言毕,她将重剑上的血迹一甩,扛在肩上,身形如幻般追了出去。
祈寒酥大为不解。
“枕仙儿,她是谁?你刚才和她说了些什么?”
“你不是说我香火寡淡吗?这是我为数不多的信众了,千里迢迢赶过来烧香的。”
“哈?”
然而不等祈寒酥整理思绪,外面攒动的火把一下子涌进屋内。
只见为首的是一个矮胖中年,身后跟着的正是满脸铁青的少城主王琅,和裹着毯子,脸上泪痕未干的王饮絮。
少城主一眼看见地上昏迷过去的傩师,立即大声指责:“到底是谁袭击了傩师!你……你……”
火把照亮室内,他指着祈寒酥手里那血淋淋的羊头面具,脸上居然露出恐惧之色。
哦豁。
也不怪他们误解,此时傩师和他的信众几乎是全军覆没,祈寒酥就这么血淋淋地站在尸骸中间,手里还提着傩师那标志性的羊头面具。

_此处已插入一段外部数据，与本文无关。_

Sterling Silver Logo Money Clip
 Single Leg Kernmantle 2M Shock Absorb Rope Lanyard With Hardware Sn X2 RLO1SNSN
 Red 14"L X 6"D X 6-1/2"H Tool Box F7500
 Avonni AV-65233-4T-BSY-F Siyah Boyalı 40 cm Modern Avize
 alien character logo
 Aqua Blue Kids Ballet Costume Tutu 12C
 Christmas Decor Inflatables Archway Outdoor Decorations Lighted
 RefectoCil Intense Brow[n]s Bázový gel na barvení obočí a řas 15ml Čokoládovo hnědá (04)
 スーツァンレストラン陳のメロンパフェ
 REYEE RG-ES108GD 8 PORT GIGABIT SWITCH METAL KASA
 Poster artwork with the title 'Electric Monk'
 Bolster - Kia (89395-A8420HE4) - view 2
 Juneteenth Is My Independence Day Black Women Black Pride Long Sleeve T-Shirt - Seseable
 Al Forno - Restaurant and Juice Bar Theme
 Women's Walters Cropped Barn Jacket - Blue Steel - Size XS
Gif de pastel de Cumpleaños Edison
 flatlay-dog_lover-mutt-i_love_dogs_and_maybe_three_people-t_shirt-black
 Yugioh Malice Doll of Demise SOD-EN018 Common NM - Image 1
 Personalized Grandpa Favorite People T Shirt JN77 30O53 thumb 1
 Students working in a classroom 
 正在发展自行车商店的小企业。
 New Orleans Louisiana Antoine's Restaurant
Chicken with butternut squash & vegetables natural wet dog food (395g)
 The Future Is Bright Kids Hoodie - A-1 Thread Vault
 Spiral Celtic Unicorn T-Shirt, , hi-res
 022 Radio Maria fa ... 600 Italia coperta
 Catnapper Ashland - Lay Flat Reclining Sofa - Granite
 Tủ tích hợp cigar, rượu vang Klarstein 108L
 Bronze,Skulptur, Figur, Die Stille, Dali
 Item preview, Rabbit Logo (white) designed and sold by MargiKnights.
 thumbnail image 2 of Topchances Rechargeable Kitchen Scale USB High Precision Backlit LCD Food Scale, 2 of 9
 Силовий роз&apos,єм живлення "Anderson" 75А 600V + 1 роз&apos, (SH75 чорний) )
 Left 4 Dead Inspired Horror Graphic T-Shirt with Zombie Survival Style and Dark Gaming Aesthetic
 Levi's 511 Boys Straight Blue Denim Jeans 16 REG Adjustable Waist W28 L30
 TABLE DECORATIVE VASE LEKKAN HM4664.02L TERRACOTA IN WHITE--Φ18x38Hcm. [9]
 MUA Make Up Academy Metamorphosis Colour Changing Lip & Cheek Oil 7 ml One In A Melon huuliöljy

如果盐江城要评比恶人王的话,她如今的姿态,一定稳稳入选。
“……你们听我解释。”她朝人们走近了一步,所有人也都齐齐后退了一步。
祈寒酥整理了一下言辞,解释道:“这不是我杀的,是你们今日审问的那个中原人,焦渴病发作,闯到这里把人都杀光了,小姐是看到了的。”
这里面最有力的人证就是王饮絮了,此刻她脸上惊惶之色未褪,漂亮的眼睛四处逡巡,从羊头怪人身上落到那重伤昏迷的傩师那里。
“饮絮,傩师不是在给你驱邪吗,到底是怎么回事?你把今晚的事原原本本说出来。”
那矮胖中年也看向她:“你二娘不是安排了傩师为你驱邪吗,怎么驱的,弄成这个样子?”
众人瞩目于王饮絮,她脸色惨白,踌躇不已:“我……”
城主府冰清玉洁的大小姐,盐江城第一美人,怎么能把自己险些被傩师侮辱的事原原本本地说出来呢?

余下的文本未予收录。